Correlations don't have to be talked about, because they don't increase the likelihood for success, but rather the likihood of failure, meaning that we would need orders of magnitude more reliable technology to solve that problem.

In reality, those sorts of failures aren't usually temporary, but rather systemic, such as "we've made an incorrect assumption about how that technology works" - feature not a bug.

In that case, it doesn't really fit into this model. There are certainly things that would better indicate to us that we could use or are not allowed to use a component, but for the sake of the article, I think that was probably going much to far.

TL;DR Yes for sure, individual attempts are correlated, but in most cases, it doesn't make sense to track that because those situations end up in other buckets of "always down = unreliable" or "actually up - more complex story which may not need to be modelled".

replies(1): >>45969083 #

6. wparad ◴[18 Nov 25 08:59 UTC] No.45962915[source]▶

>>45959617 #

Hmmm, which part of the intro did you find an issue with? I want to see if I can fix it.

7. scottlamb ◴[18 Nov 25 17:12 UTC] No.45969083{3}[source]▶

>>45962912 #

I think the reasoning matters as much as the answer, and you had to make at least a couple strange turns to get the "right answer" that retries don't solve the problem:

* the 3rd-party component offering only 90% success—I've never actually seen a system that bad. 99.9% success SLA is kind of the minimum, and in practice any system that has acceptable mean and/or 99%/99.9% latency for a critical auth path also has >=99.99% success in good conditions (even if they don't promise refunds based on that).

* the whole "really reliable retry handler" thing—as mentioned in my first comment, I don't understand what you were getting at here.

I would go a whole other way with this section—more realistic, much shorter. Let's say you want to offer 99.999% success within 1 second, and the third-party component offers 99.9% success per try. Then two tries gives you 99.9999% success if the failures are all uncorrelated but retries do not help at all when the third-party system is down for minutes or hours at a time. [1] Thus, you need to involve an alternative that is believed to be independent of the faulty system—and the primary tool AWS gives you for that is regional independence.
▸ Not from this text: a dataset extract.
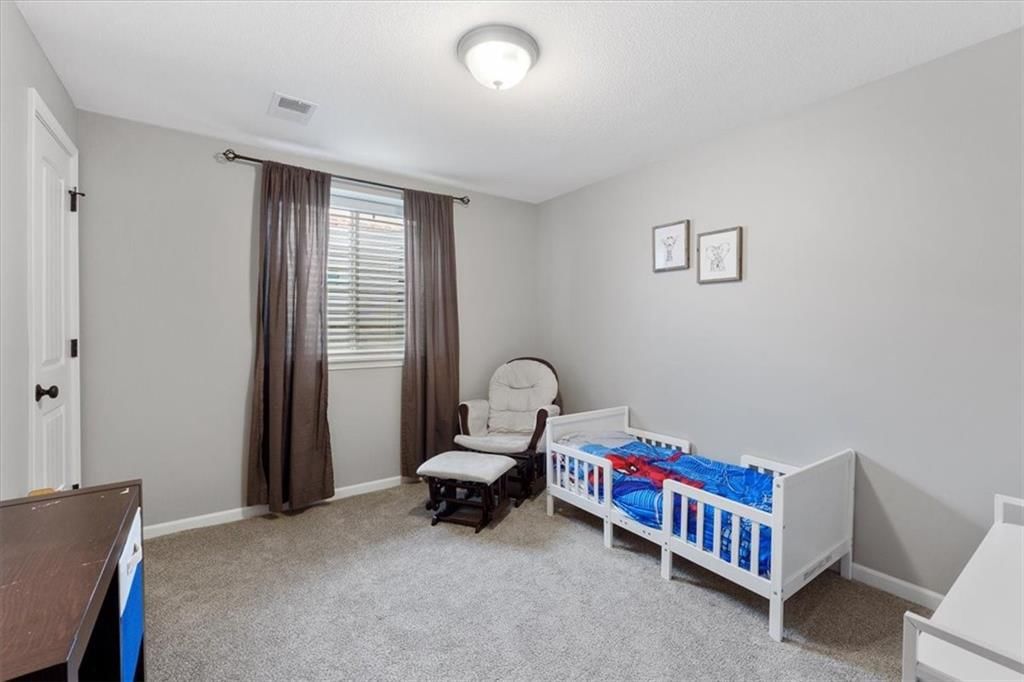 19720 Emerald Street — photo 29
This sets up the talk about regional failover much more quickly and with less head-scratching. I probably would have made it through the whole article yesterday even in my feverish state.

[1] unless this request can be done asynchronously, arbitrarily later, in which case the whole chain of thought afterward goes a different way.

replies(1): >>45973152 #

8. wparad ◴[18 Nov 25 22:32 UTC] No.45973152{4}[source]▶

>>45969083 #

Hmm, I never considered potentially using an SLA on latency as a potential way to justify the argument. If I pull this content into a future article or talk, I will definitely consider reframing it for easier understanding.